## [Exercise]
The required output is the line with "563 4th Avenue" plus all lines that follow it to the end of the listing below, written out exactly, with no pictures.

## [Data extract]
========================================================================
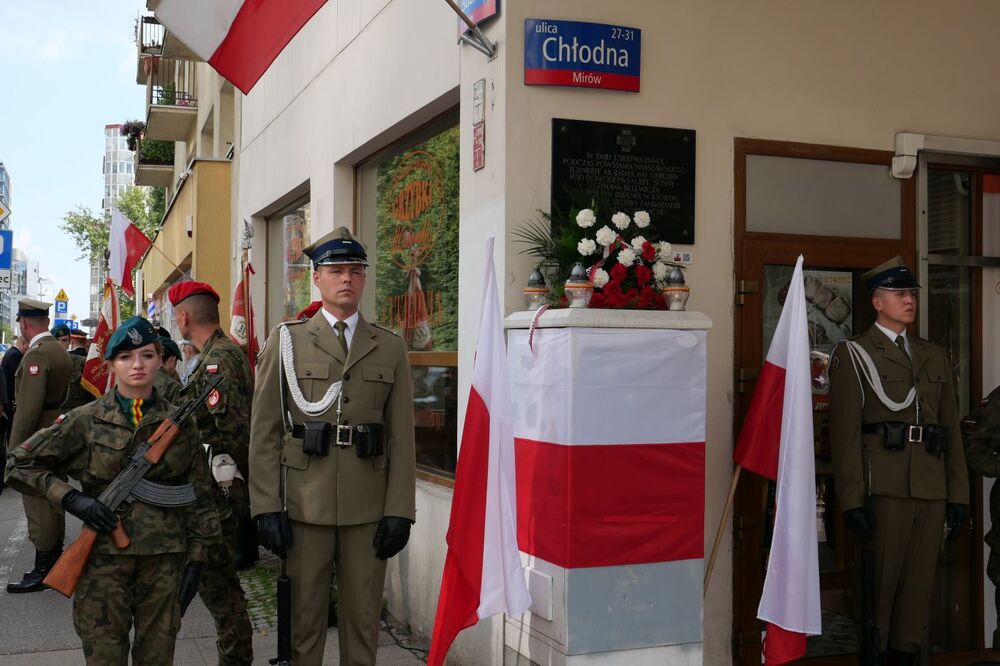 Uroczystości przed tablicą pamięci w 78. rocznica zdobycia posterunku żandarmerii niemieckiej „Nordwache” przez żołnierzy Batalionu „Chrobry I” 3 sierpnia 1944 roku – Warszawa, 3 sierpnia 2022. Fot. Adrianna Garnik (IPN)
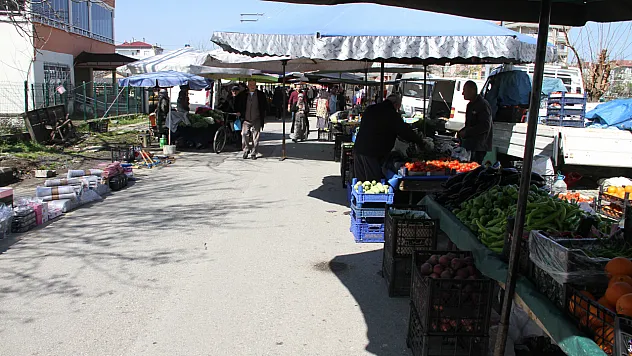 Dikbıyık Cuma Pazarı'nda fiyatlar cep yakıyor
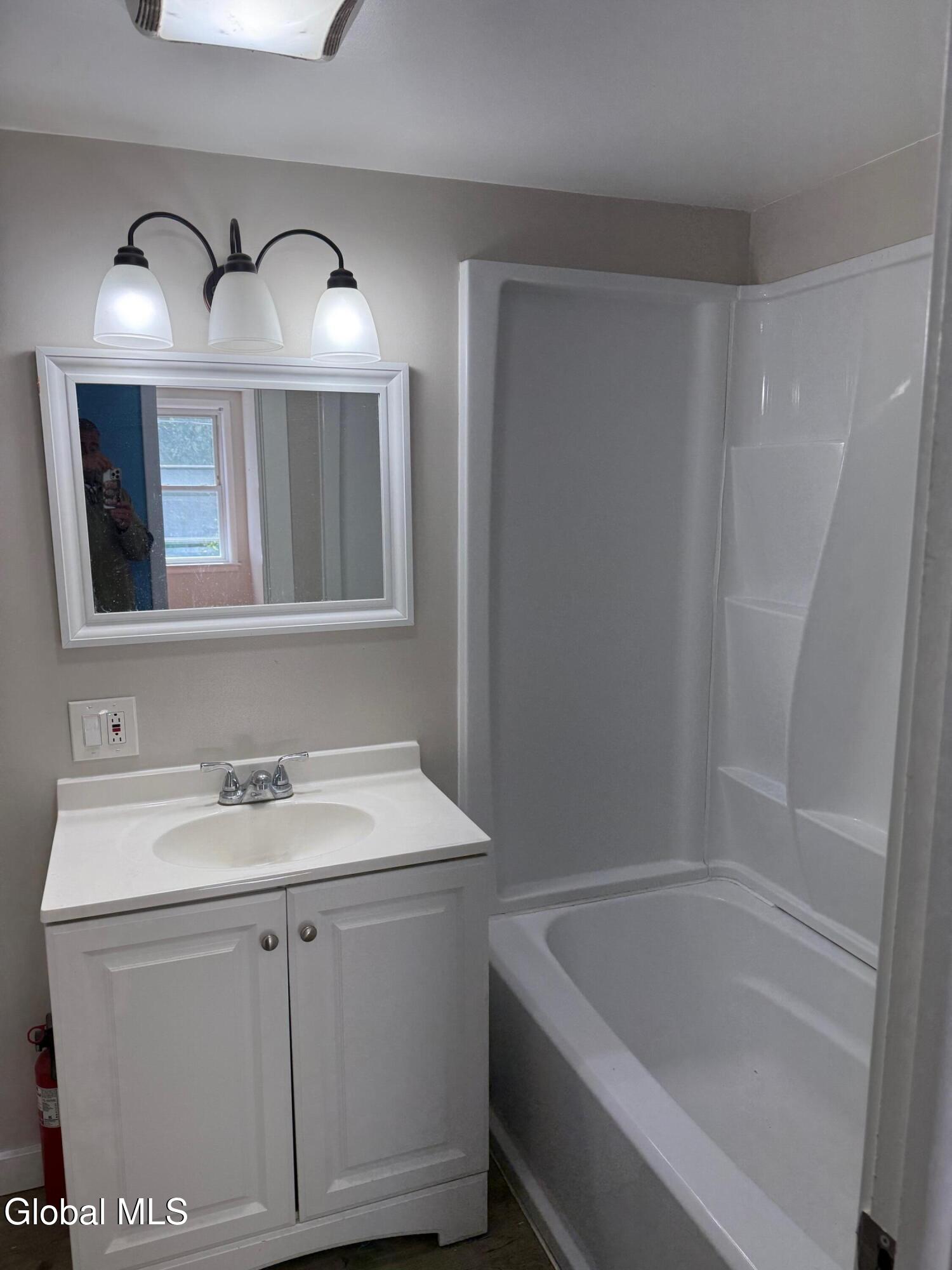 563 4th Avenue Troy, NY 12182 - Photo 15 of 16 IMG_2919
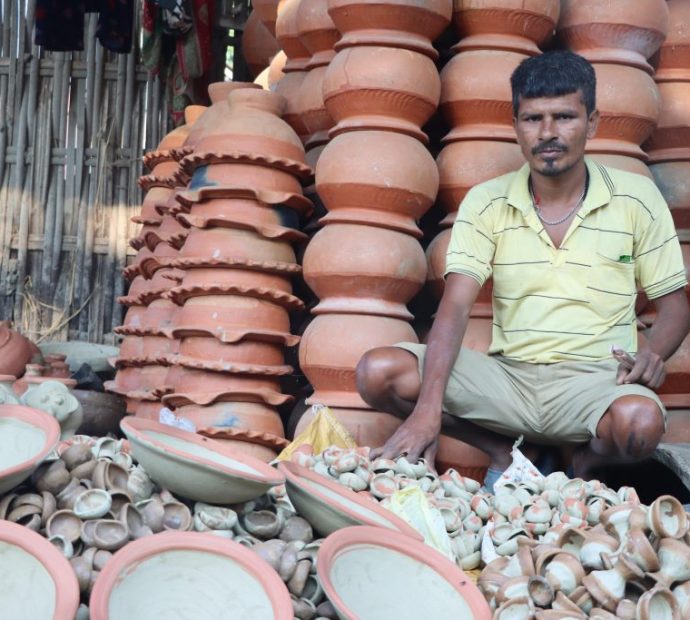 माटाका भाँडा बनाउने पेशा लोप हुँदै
========================================================================
## [Result for this task]
 563 4th Avenue Troy, NY 12182 - Photo 15 of 16 IMG_2919
 माटाका भाँडा बनाउने पेशा लोप हुँदै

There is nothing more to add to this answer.